From the line below containing "Mugshot of David" to the final line, print each line exactly as written. No pictures belong in the copy.

__Entries supplied__:

_____

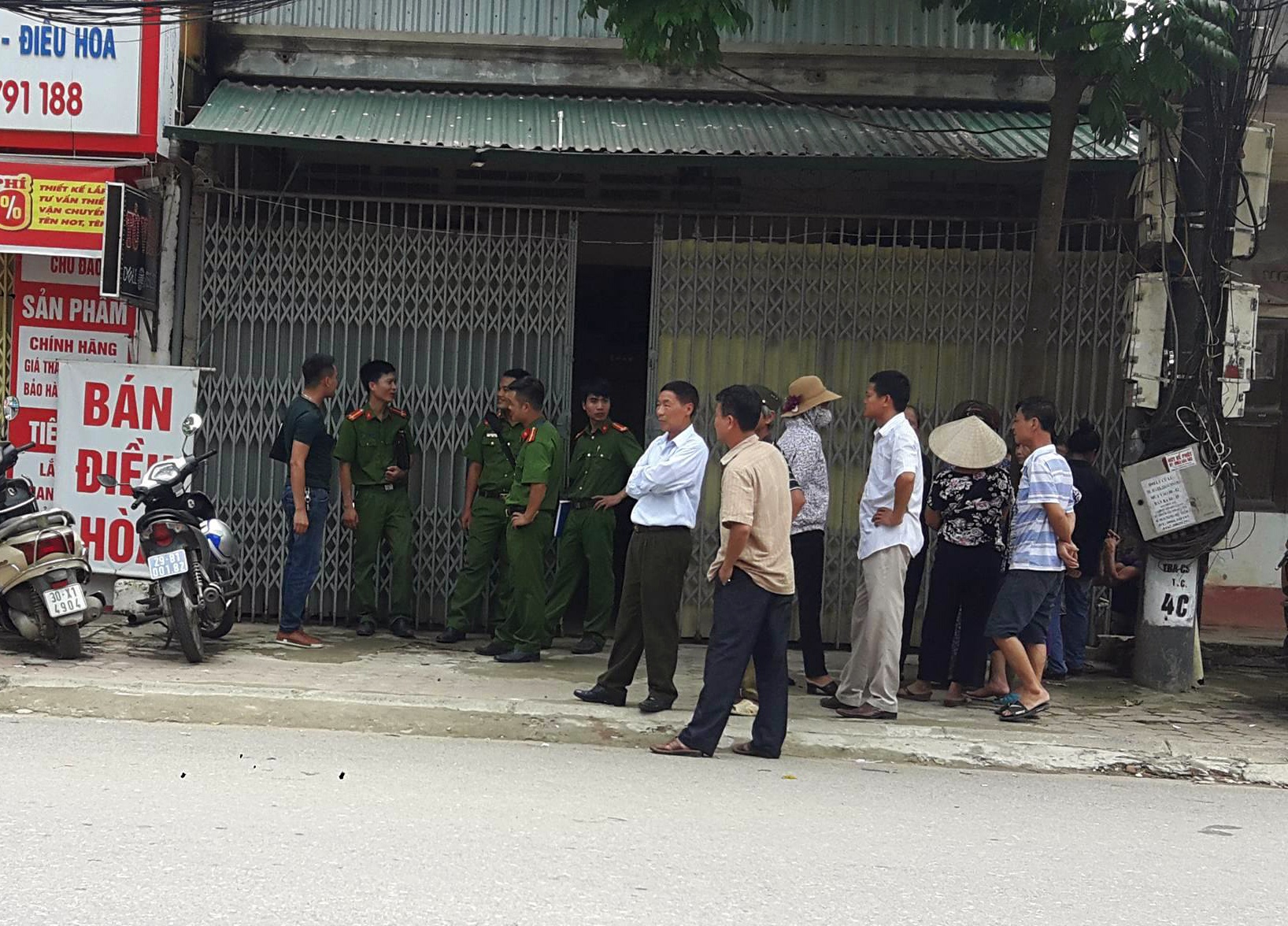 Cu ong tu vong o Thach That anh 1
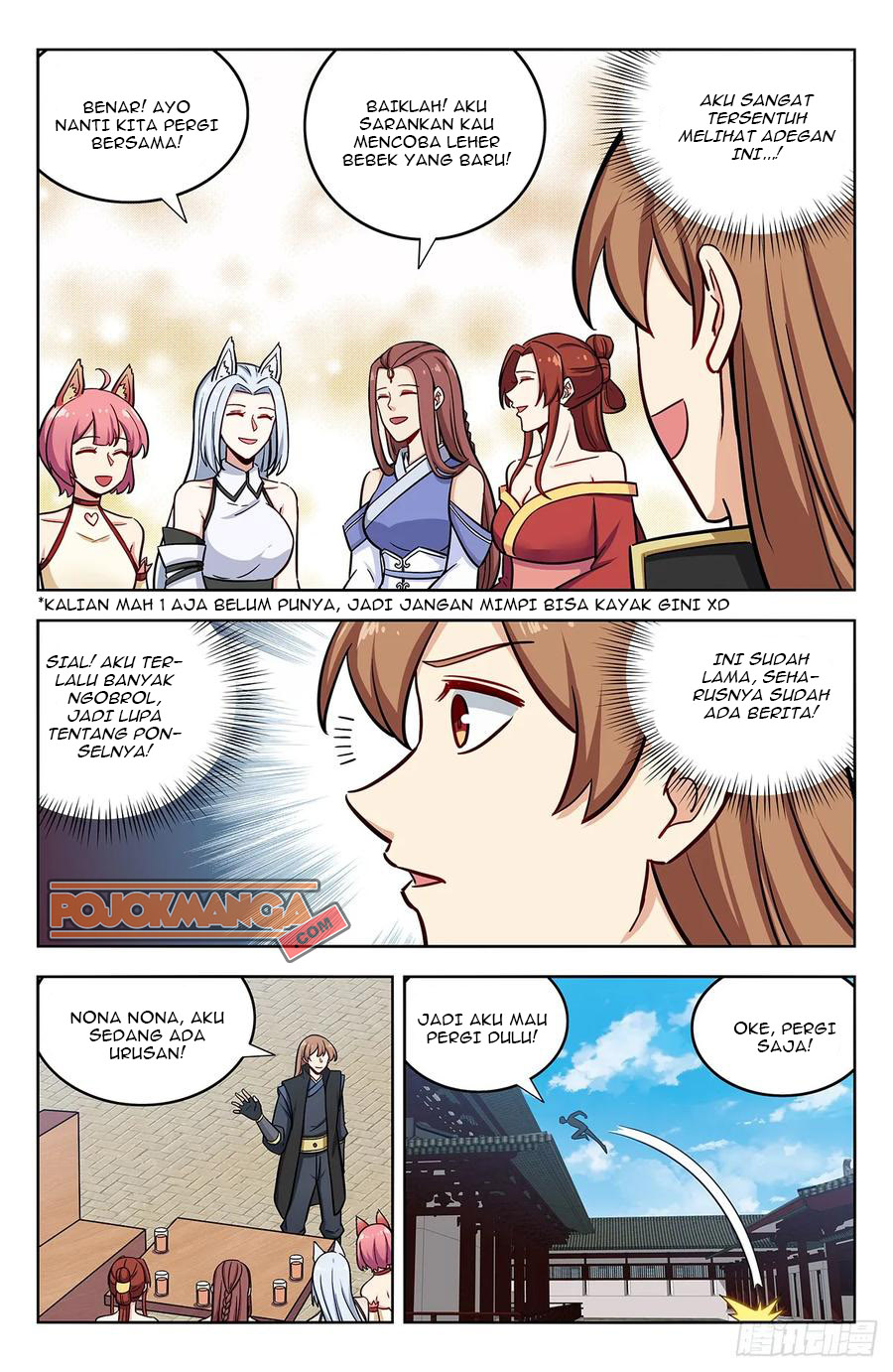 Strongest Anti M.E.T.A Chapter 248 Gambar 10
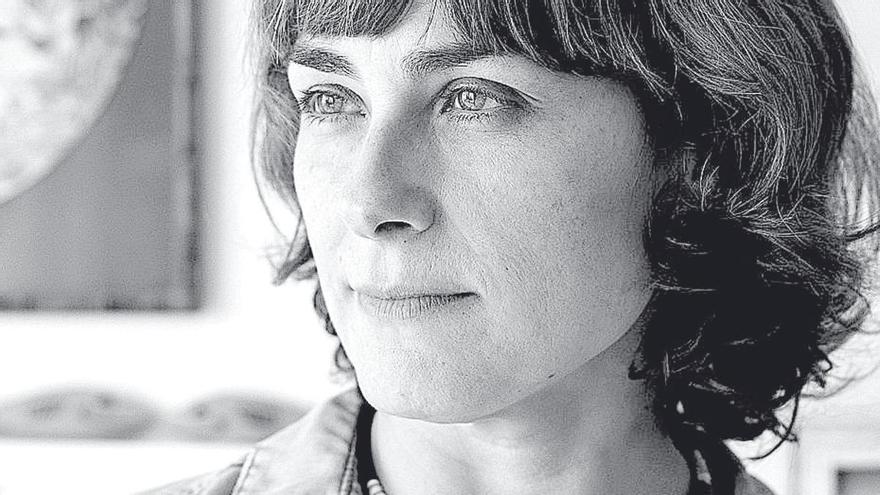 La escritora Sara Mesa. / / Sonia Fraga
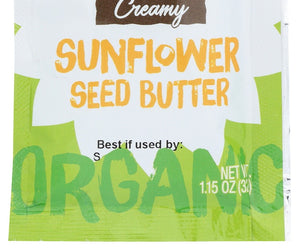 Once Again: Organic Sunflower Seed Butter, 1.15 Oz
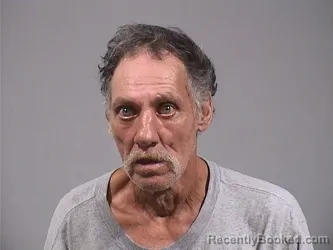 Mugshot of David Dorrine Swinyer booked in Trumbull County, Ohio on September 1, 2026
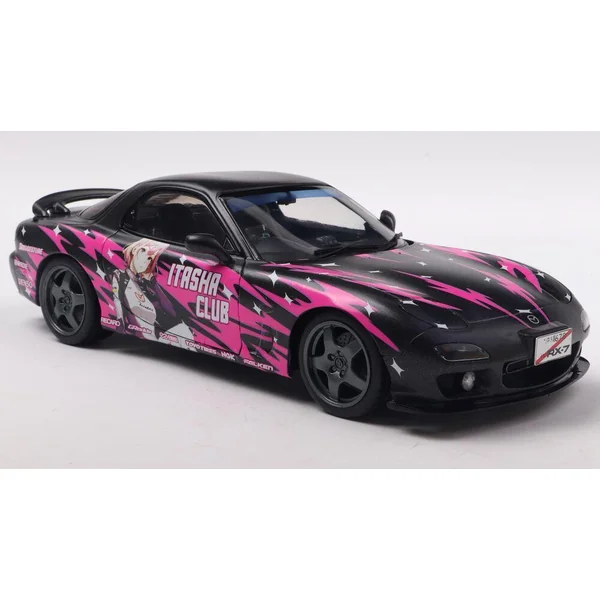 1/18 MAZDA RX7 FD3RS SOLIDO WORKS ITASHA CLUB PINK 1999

_____

__Answer space__:
 Mugshot of David Dorrine Swinyer booked in Trumbull County, Ohio on September 1, 2026
 1/18 MAZDA RX7 FD3RS SOLIDO WORKS ITASHA CLUB PINK 1999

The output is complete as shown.